Но одно дело придумать теорию, а другое — ее проверить. Вот чего требует от нас наука — постоянно проверять любое пришедшее на ум гениальное решение какой-либо проблемы. Именно так Баклэнд и поступил. Коллекционеры, прежде побывавшие в этой пещере, не обратили внимания на то, что вызвало огромный интерес у Баклэнда, — доисторические фекалии. Он взял несколько образцов, в уверенности, что они оставлены жившими в пещере гиенами, и вскоре, как и следовало ожидать, его друг, химик Уильям Волластон, подтвердил, что помет действительно содержал большое количество костного материала. Баклэнд даже попросил француза Жоржа Кювье, самого уважаемого анатома своей, да и, пожалуй, любой другой эпохи, отправить ему образцы кала гиены, жившей при парижском музее, и проведенное сравнение, как писал историк Мартин Рудвик, «решило исход дела».

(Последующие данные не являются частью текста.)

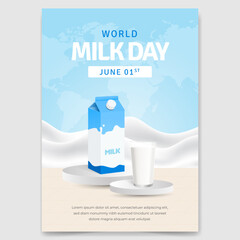World Milk Day June 1st poster design with a milk glass and milk box on the podium illustration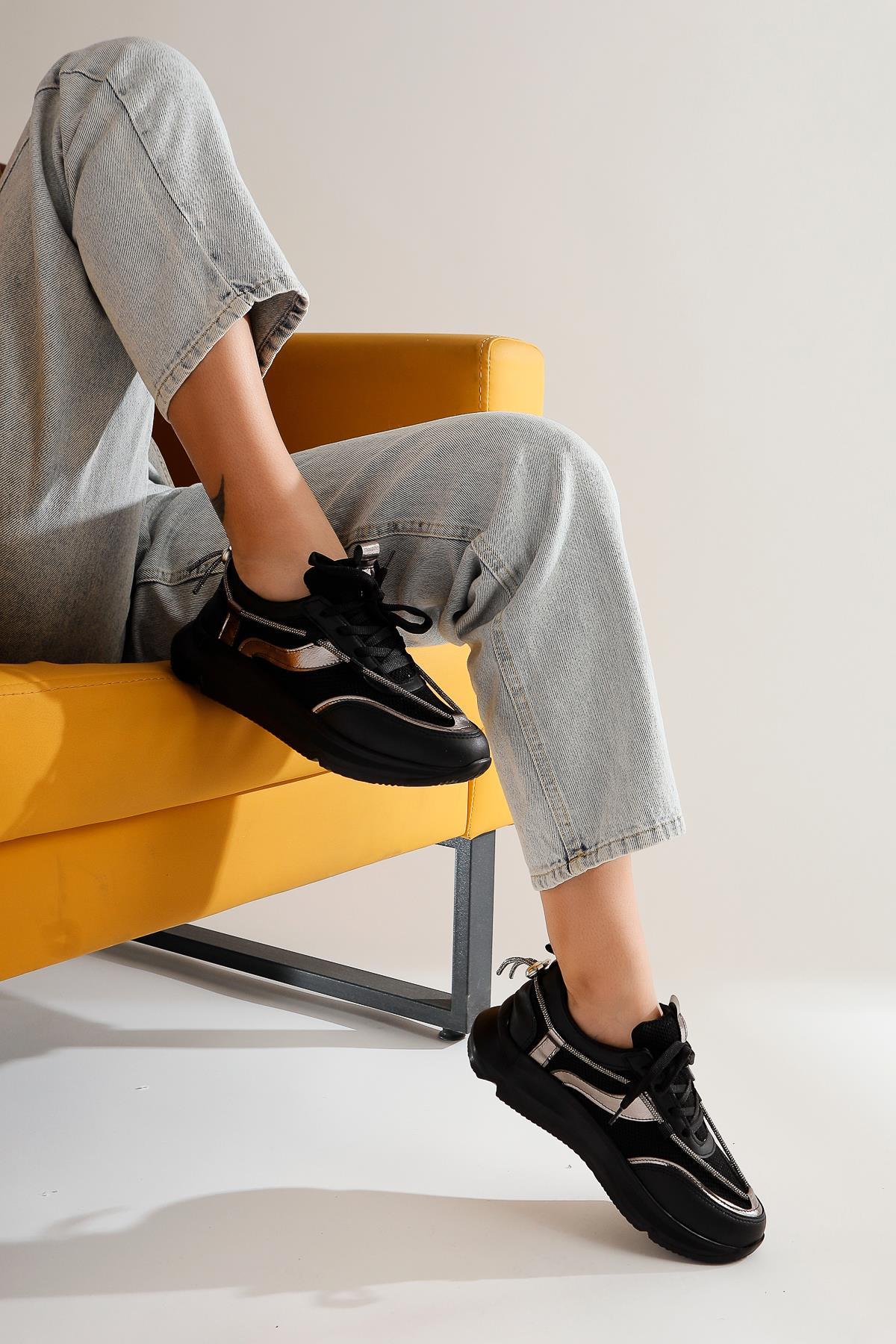 Luann – Black Stone-Detail Lace-Up Sneaker (Women)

Баклэнд провел еще один, не менее важный, эксперимент. После возвращения в Оксфорд мысли о том, как находки в пещере могут связать мир прошлого с настоящим, не давали ему покоя. Однажды в город приехал бродячий цирк с пятнистой гиеной. Баклэнд угостил животное бычьими костями, тщательно наблюдая, какие именно выбирает гиена, как она их разламывает, а также во что они в конечном счете у нее превращаются. Увиденное практически в точности повторило картину, наблюдаемую в пещере Киркдейл — то, как животное разламывало и обгладывало кости, почти полностью соответствовало характеру окаменелых костей из пещеры. Современные гиены помогли заполнить пробел между миром, каким мы его знаем, и тем, каким он был раньше[168]. Они даже показали, как именно участвуют в образовании окаменелостей, сложив кости там, где их в итоге когда-нибудь погребет порода.
Некоторые из участвовавших в эксперименте костей можно увидеть и сегодня в тихом уголке напоминающего храм Оксфордского музея естественной истории. Расколотые останки выставлены за стеклом — бок о бок окаменелые и недавно обглоданные кости. Они прекрасны, несмотря на звериную жестокость, в результате которой они появились, и мне страшно хотелось подбежать к тихим семьям, рассматривающим скелеты динозавров, и привести их в затемненный уголок, чтобы показать кости, давшие невероятный толчок науке. Я удержался от подобных действий — фильмы ужасов нас научили, что если вы сами не являетесь палеонтологом или археологом, то настойчиво предлагающий вам посмотреть на кости незнакомец непременно окажется маньяком, — но мне действительно очень хотелось поделиться своим восхищением от размещенных за стеклом потрепанных фрагментов. Ведь это не просто остатки трапезы какой-то гиены, а наглядная демонстрация геологического принципа, сформулированного в итоге учеником Баклэнда по имени Чарлз Лайель: настоящее является ключом к пониманию прошлого.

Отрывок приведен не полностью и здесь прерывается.